Hasil didikan dan binaan
Kyai Madrawi sangat menggembirkan, kehidupan beragama di Gunungjawa bagitu
nampak, misalnya saja setiap waktu sholat Masjid yang sangat sederhana selalu
dipenuhi oleh warga masyarakat yang melaksanakan sholat berjamaah. Walaupun
mata pencaharian mereka mayoritas bercocok tanam, tapi waktu sholat dzuhur
mereka pasti pulang untuk melaksanakan sholat berjamaah, setelah melaksanakan
sholat diantara mereka ada yang kembali melanjutkan aktivitasnya.

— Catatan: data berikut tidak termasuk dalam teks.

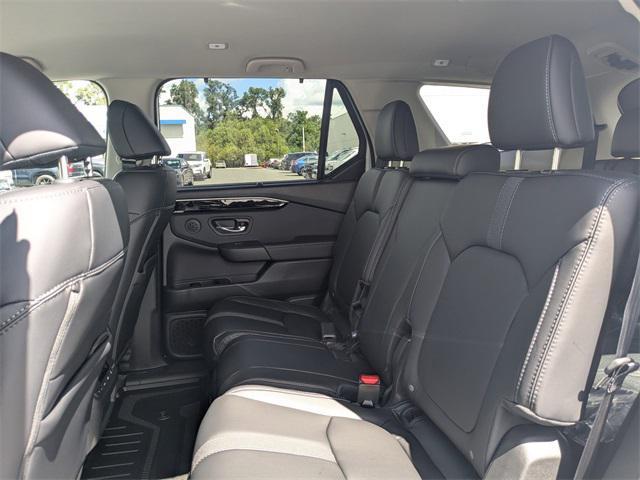 new 2025 Honda Pilot car, priced at $46,300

Banyak diantara santri yang
telah menimba ilmu dari Kyai Madrawi melanjutkan menuntut ilmu ke daerah lain,
misalnya saja seorang putra Gunungjawa yang bernama Hulaemi berhasil menuntut
ilmu di Pesantren Jagasara, Cidahu, pimpinan Kyai Abdul Halim. Sekitar tahun
1918 pada saat kyai Madrawi berusia lanjut, maka beliau memerintahkan muridnya
yaitu Ajengan Hulaemi untuk melanjutkan misinya menyampaikan risalah dan ajaran
Islam di Gunungjawa.
Kegiatan pengajian di Gunungjawa semakin maju
dan banyak dikunjungi para santri dari berbagai daerah. Kehidupan islami tampak
dari perilaku sehari-hari, masyarakat yang ramah dan saling menghormati,
tolong-menolong diantara mereka, hampir tidak pernah terdengar adanya
kesenjangan di antara mereka.
Berhubung banyaknya santri
yang berkunjung ke Gunungjawa mendorong Ajengan Hulaemi mendirikan Pesantren,
maka pada bulan April 1920 Beliau mendirikan Pesantren Gunungjawa.
Setelah berdirinya sebuah
Pesantren, maka Gunungjawa semakin luas dikenal masyarakat, keberadaan
Pesantren akhirnya tersebar ke seluruh daerah, khususnya daerah Kuningan,
Cirebon dan Brebes Jawa Tengah.
D. Masa Proklamasi
Rangkaian kepemimpinan H.
Gontang hingga kepemimpinan Argasuwita di Desa Gunungjawa yang nyaman, damai
dan sejahtera itu, rupanya harus terhenti oleh gejolak politik internasional,
yaitu penjajah dari luar negeri (Belanda) yang tujuan awalnya adalah mencari
rempah-rempah ke wilayah Negara Republik Indonesia, tapi pada akhirnya justru
melakukan penindasan hal ini jelas berimbas ke pelosok pedesaan.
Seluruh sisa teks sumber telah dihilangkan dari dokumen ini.